Information shown:

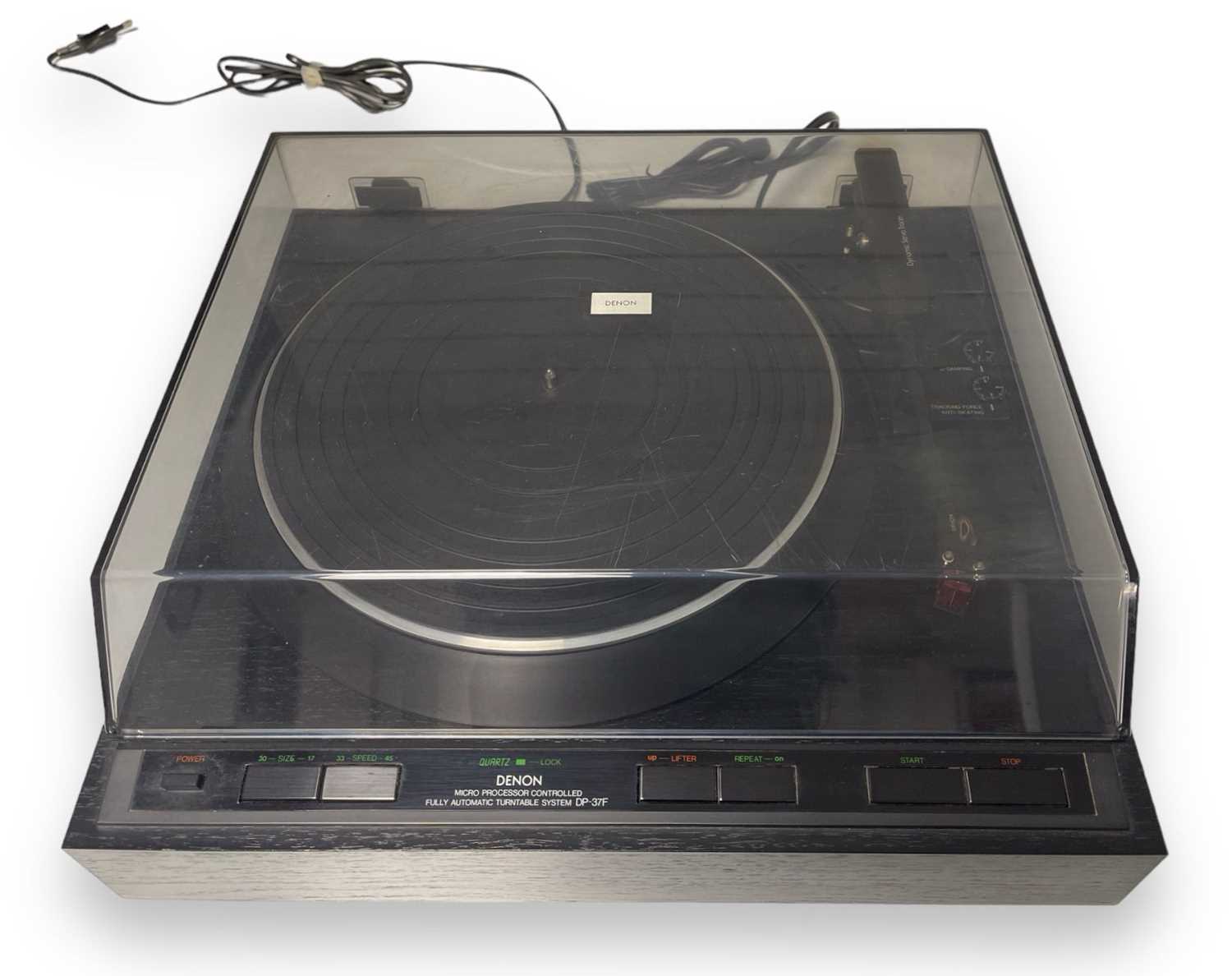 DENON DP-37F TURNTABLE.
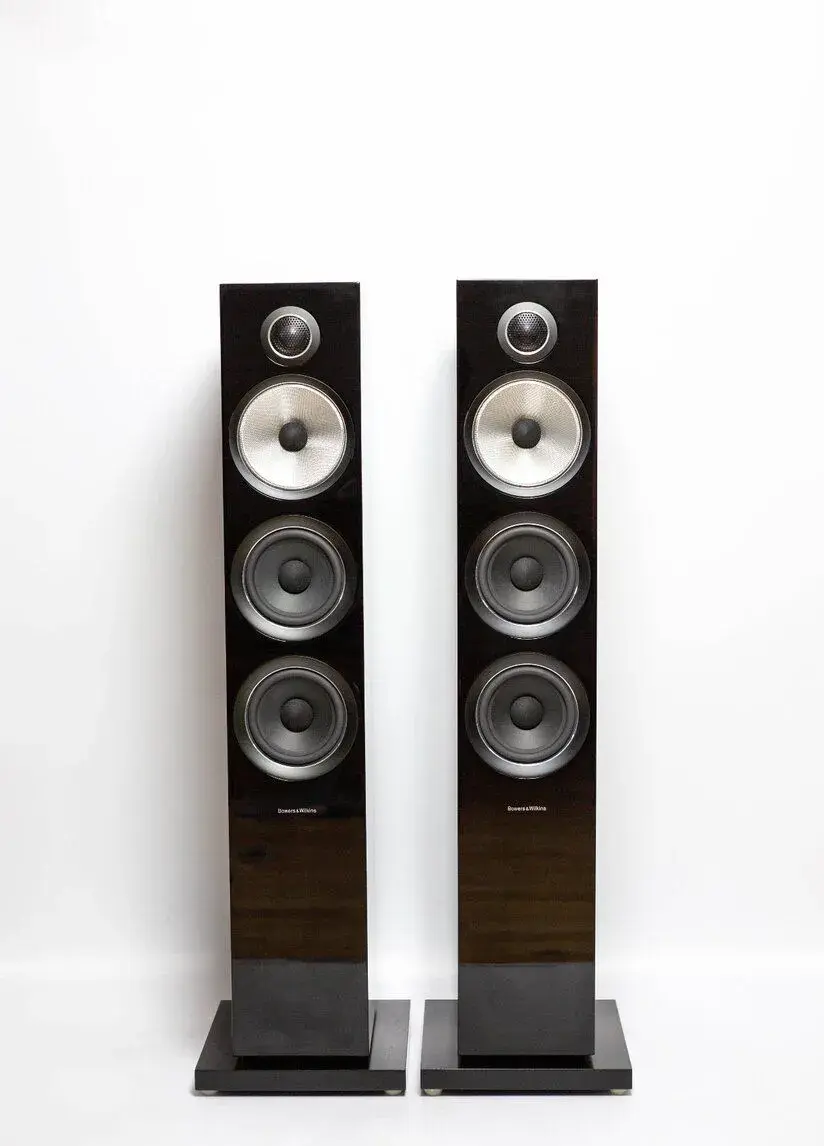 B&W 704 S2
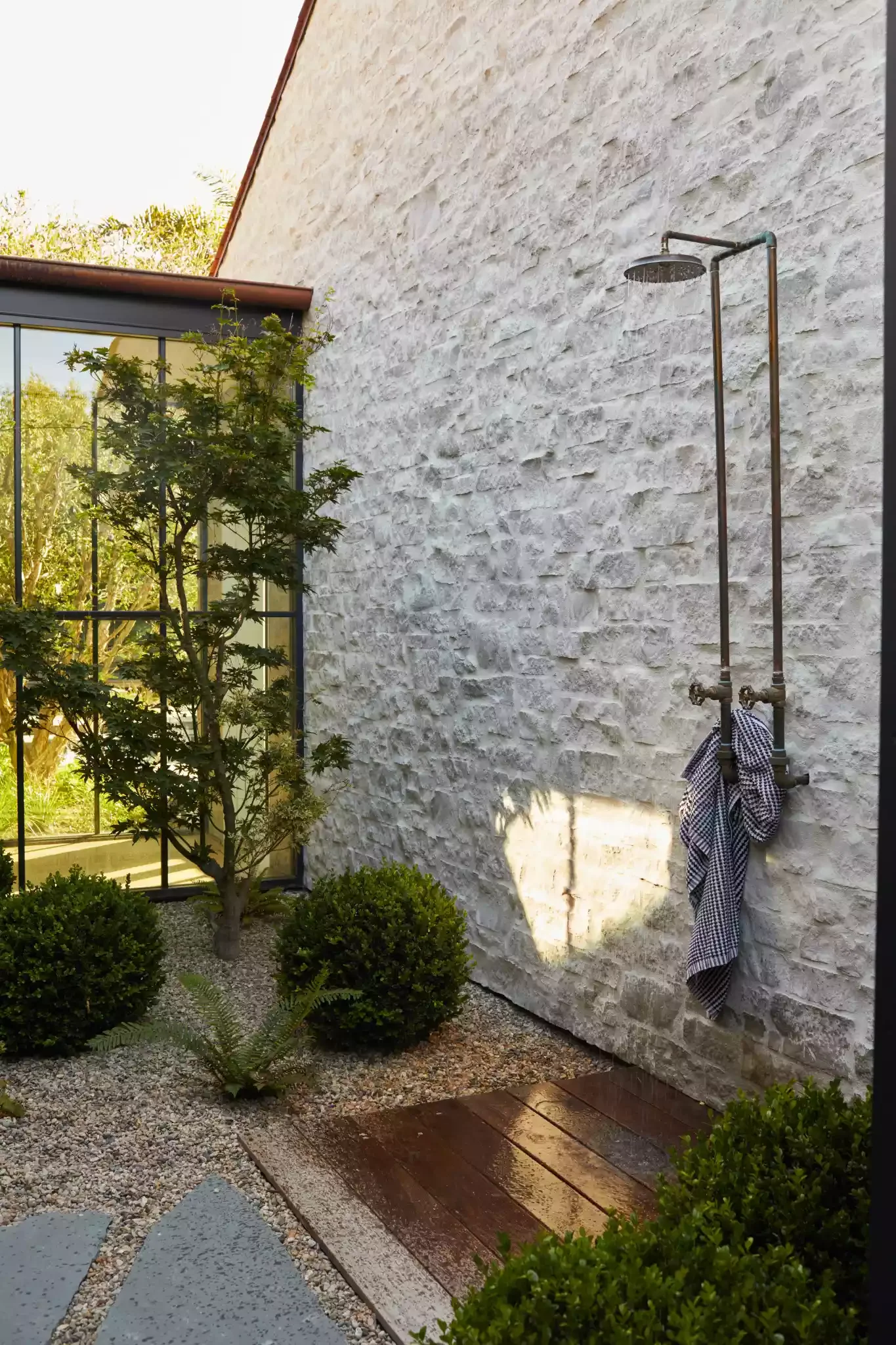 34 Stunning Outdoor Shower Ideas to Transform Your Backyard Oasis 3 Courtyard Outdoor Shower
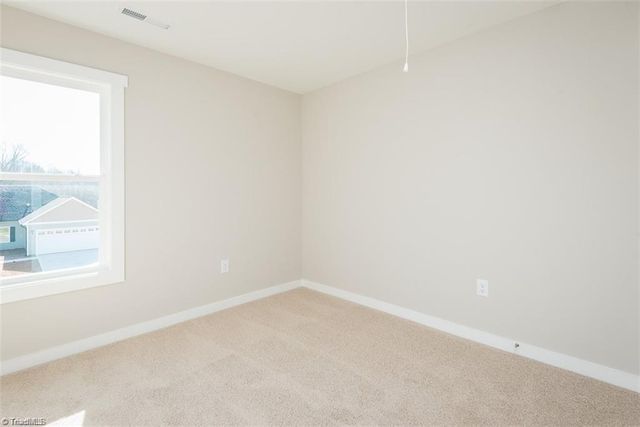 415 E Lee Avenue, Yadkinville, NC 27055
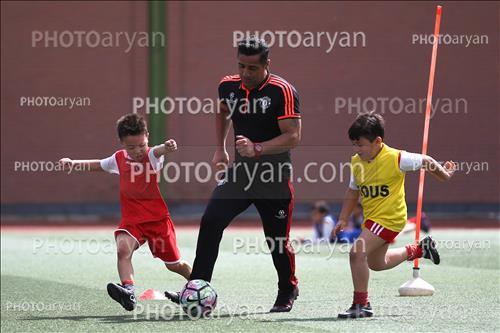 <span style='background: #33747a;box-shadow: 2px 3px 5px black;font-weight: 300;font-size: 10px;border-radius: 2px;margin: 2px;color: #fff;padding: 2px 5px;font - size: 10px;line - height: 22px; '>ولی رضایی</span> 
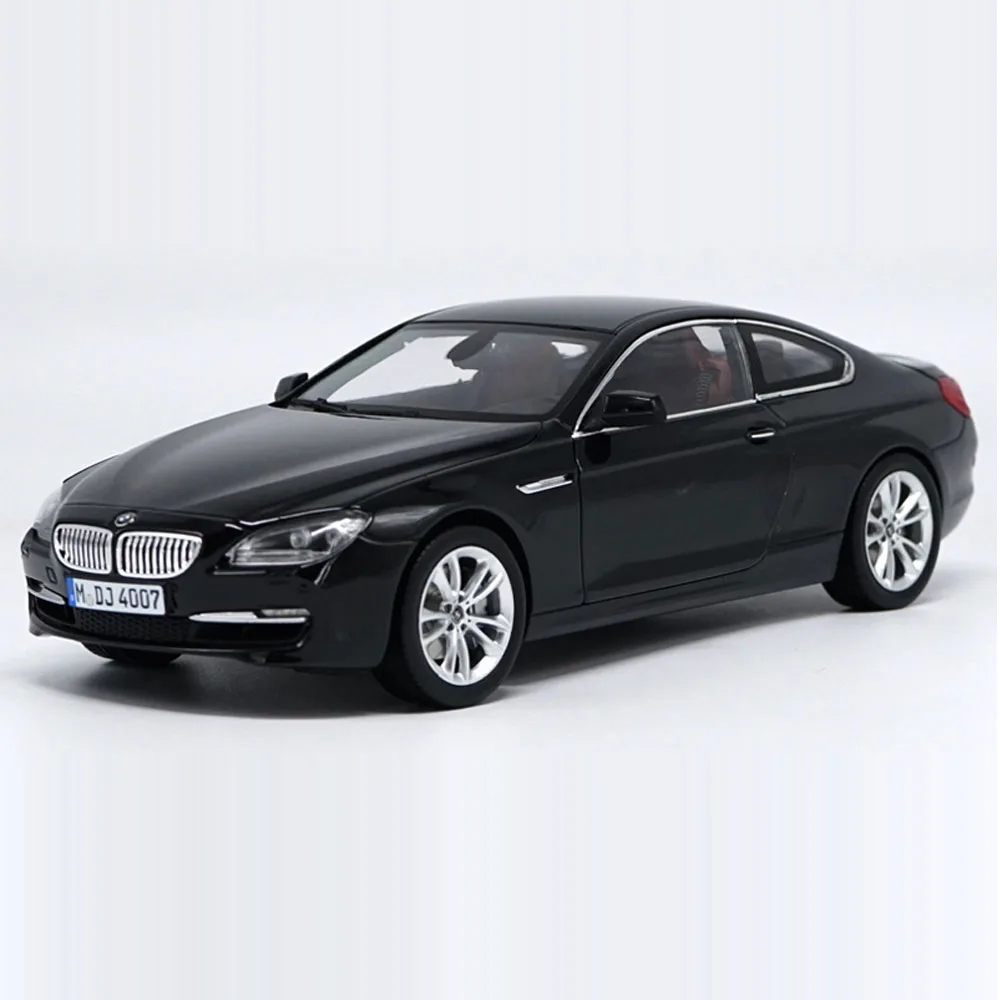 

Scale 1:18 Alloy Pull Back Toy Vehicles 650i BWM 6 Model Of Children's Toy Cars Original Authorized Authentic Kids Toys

Problem details: Omit the pictures, then set down all the remaining data exactly as given.

Expected answer:
 DENON DP-37F TURNTABLE.
 B&W 704 S2
 34 Stunning Outdoor Shower Ideas to Transform Your Backyard Oasis 3 Courtyard Outdoor Shower
 415 E Lee Avenue, Yadkinville, NC 27055
 <span style='background: #33747a;box-shadow: 2px 3px 5px black;font-weight: 300;font-size: 10px;border-radius: 2px;margin: 2px;color: #fff;padding: 2px 5px;font - size: 10px;line - height: 22px; '>ولی رضایی</span> 

Scale 1:18 Alloy Pull Back Toy Vehicles 650i BWM 6 Model Of Children's Toy Cars Original Authorized Authentic Kids Toys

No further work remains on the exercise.